Mais um capítulo do meu novo projeto, chegando atrasado em algumas horinhas devido a minha viagem para Aracaju, mas agora está aqui! Aproveitem, porque tá ruim, sem nexo e o próximo deverá ser um tanto quanto melhor. Perdoem quaisquer erros ou incoerências. São todos meus. Não foi betado, muito menos corrigido. Acho que a fic não vai pegar, mas mesmo assim, vou levando. Enfim... Have fun.
Crossing Lines
Chapter 02 – Punishment
Onze da noite. A chuva e o vento pareciam castigar impiedosamente as construções e quem quer que estivesse circulando pelo campus. Seus passos eram rápidos, porque já estava atrasado. Havia tentado descansar um pouco e acabara dormindo. Estava um bagaço.

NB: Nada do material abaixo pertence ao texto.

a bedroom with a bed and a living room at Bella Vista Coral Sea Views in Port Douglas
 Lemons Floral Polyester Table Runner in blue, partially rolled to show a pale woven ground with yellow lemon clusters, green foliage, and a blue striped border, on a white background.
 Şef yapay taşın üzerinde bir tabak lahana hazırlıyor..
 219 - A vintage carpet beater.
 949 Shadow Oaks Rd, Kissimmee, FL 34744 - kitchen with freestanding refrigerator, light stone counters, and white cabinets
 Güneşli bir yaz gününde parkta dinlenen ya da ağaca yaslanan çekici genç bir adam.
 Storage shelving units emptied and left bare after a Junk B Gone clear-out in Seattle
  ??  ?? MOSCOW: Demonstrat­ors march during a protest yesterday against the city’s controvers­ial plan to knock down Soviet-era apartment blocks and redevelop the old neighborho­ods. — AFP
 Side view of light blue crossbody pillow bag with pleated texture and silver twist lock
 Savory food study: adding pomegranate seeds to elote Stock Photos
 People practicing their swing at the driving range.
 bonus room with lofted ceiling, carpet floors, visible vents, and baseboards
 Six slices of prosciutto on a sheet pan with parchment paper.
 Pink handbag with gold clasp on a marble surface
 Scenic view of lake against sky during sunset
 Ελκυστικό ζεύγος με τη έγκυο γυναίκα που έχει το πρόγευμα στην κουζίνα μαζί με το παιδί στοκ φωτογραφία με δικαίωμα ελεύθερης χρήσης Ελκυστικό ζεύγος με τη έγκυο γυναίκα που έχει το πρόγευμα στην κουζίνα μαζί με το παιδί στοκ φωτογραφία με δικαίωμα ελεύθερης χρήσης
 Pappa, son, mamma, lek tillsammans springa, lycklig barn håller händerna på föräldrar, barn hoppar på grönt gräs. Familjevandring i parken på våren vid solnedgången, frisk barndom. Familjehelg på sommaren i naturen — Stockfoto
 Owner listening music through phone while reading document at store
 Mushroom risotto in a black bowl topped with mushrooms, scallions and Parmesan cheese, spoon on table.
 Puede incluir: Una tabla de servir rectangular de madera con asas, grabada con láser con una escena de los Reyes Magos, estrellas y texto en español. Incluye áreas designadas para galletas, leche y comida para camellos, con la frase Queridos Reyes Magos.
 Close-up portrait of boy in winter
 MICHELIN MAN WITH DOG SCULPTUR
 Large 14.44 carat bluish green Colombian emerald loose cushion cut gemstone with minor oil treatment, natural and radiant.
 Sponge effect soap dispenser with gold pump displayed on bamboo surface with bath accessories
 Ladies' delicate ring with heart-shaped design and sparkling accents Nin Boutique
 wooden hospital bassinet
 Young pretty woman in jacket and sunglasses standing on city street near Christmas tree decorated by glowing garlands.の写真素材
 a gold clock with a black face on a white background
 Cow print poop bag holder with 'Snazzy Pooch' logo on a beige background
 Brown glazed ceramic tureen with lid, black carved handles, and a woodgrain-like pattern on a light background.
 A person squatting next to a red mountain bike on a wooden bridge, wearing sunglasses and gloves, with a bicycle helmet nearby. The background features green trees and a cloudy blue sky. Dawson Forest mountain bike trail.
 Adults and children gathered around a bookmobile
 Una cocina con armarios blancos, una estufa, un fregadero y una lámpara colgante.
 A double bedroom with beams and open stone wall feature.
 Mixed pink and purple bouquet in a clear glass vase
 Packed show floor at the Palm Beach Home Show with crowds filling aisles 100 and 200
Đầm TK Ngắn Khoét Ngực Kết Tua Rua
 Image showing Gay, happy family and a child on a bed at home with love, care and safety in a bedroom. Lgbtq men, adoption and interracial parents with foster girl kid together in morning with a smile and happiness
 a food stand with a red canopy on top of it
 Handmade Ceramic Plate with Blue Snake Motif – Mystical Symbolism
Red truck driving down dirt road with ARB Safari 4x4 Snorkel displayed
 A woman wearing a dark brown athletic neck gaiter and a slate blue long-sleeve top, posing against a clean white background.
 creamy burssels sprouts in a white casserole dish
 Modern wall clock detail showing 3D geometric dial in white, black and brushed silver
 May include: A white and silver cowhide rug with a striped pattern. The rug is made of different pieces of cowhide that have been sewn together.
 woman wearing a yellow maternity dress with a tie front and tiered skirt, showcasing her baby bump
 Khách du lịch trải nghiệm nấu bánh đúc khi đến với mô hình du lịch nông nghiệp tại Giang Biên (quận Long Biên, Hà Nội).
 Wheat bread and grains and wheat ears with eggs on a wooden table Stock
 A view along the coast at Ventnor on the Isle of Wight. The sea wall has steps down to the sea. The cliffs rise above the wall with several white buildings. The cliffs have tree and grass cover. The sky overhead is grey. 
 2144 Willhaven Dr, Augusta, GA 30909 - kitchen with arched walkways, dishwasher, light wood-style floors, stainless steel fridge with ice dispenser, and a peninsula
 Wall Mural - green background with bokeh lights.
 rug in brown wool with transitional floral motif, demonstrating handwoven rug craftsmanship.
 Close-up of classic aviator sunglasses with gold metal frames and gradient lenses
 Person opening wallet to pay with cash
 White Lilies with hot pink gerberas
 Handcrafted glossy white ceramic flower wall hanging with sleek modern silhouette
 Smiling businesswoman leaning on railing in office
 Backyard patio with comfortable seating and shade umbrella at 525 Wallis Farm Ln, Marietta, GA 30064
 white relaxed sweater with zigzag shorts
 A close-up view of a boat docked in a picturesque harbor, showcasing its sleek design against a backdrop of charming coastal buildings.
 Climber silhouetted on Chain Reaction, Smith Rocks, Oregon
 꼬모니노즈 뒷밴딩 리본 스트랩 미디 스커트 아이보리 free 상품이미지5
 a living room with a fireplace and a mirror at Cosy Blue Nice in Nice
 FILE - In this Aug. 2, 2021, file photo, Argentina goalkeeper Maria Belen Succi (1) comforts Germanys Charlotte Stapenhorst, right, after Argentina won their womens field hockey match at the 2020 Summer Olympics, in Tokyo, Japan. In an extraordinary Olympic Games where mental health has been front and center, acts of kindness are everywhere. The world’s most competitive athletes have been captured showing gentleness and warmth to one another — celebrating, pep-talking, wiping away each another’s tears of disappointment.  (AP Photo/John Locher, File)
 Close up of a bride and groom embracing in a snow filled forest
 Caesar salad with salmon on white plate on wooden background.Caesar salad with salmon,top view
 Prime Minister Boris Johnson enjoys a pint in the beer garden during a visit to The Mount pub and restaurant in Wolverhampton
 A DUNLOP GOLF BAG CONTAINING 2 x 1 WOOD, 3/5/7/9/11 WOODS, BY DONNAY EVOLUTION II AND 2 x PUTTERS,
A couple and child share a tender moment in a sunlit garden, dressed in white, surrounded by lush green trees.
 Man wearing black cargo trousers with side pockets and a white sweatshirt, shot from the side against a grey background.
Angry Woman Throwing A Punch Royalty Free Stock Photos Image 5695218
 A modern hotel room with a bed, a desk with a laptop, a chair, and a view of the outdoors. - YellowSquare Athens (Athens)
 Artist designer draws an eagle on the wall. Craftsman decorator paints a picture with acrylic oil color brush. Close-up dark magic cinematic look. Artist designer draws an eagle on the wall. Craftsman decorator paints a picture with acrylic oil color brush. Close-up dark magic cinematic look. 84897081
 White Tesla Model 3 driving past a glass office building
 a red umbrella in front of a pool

Quando avistou o campo, viu que o outro ainda não havia chegado. Lá estava apenas o treinador, com um guarda-chuvas e uma capa, protegido daquele inferno. Ah, como queria que ele simplesmente desistisse da ideia improcedente de castiga-los no meio de toda essa chuva...
Aproximou-se, e em mais ou menos cinco segundos, o outro chegava ofegante, cansado. E pra completar ainda o olhava com aquela cara de desafeto, como se fosse culpa sua estarem ali. Só não o praguejou em respeito a Jeffrey, o treinador, mas sentia que se o mesmo os deixasse ali, acabaria por sair no braço com ele outra vez.
— É bom ver que vieram. — falou a ambos — A tarefa é simples: duzentas flexões, quinze minutos correndo ao redor do campo. Repetindo enquanto eu mandar. E sem trapaças.
Dito isso, ele foi até a entrada do vestiário, recostando-se à parede, uma área coberta onde ele decerto não se molharia.
— Comecem!
Bradou. Jared olhou para o outro antes de se abaixar. Seus braços doeriam, fato. Teria que, ao menos, demonstrar-se melhor do que ele, ao menos nisso. Esforçou-se, e a chuva parecia cortar sua pele, o frio fazendo com que travasse os dentes... E sua exímia contagem.
Atingido o primeiro objetivo, quis rir quando se levantou antes do outro e começou a correr. Dois segundos depois, ele o fazia também. E ainda que não tivesse motivo, ele estava apanhando o ritmo, tentando ir mais e mais rápido. Se aquele era o único modo de atormentar o mais alto, então tiraria proveito.
XXX
Depois de boas horas correndo em círculos e malhando feito condenados, o treinador se desencostou da parede e foi até eles, mandando que parassem. Já eram quase três e a chuva tinha diminuído consideravelmente.
— Espero que isso tenha valido de algo. Não quero mais saber de brigas no meu time, e qualquer coisa que não me deixe satisfeito agora, vou até o reitor Jim solicitar a expulsão de ambos. Há dois anos eu aguento seu comportamento, Ackles. E muito me admiro não ter mudado em nada até hoje. E você, Padalecki, espero que não trilhe o mesmo caminho do seu... "amigo". Dispensados.
Sem mais palavras, cada qual seguiu seu rumo. Ambos garotos ainda se viam irritadiços, porque um acabara por culpar o outro pela palhaçada do castigo. Restava agora, uma boa... madrugada de sono, isso porque a noite já se via mais da metade consumida.
XXX
O sol raiou fraco sobre o campus naquela manhã. Jared abriu os olhos sentindo-se enjoado. Certo, talvez fosse apenas o esforço desmedido na madrugada, no meio da chuva, talvez. Só esperava não ficar doente. Estudar em tais condições e ainda ter que treinar seria um suplício ainda maior do que ter que suportar o mais velho. Por sorte não estavam na mesma sala. Jensen fazia direito, alguns períodos à frente. Por sorte ainda estava no segundo, então dava para ter algum tempo de sobra e se cuidar sem falhar miseravelmente com suas obrigações discentes.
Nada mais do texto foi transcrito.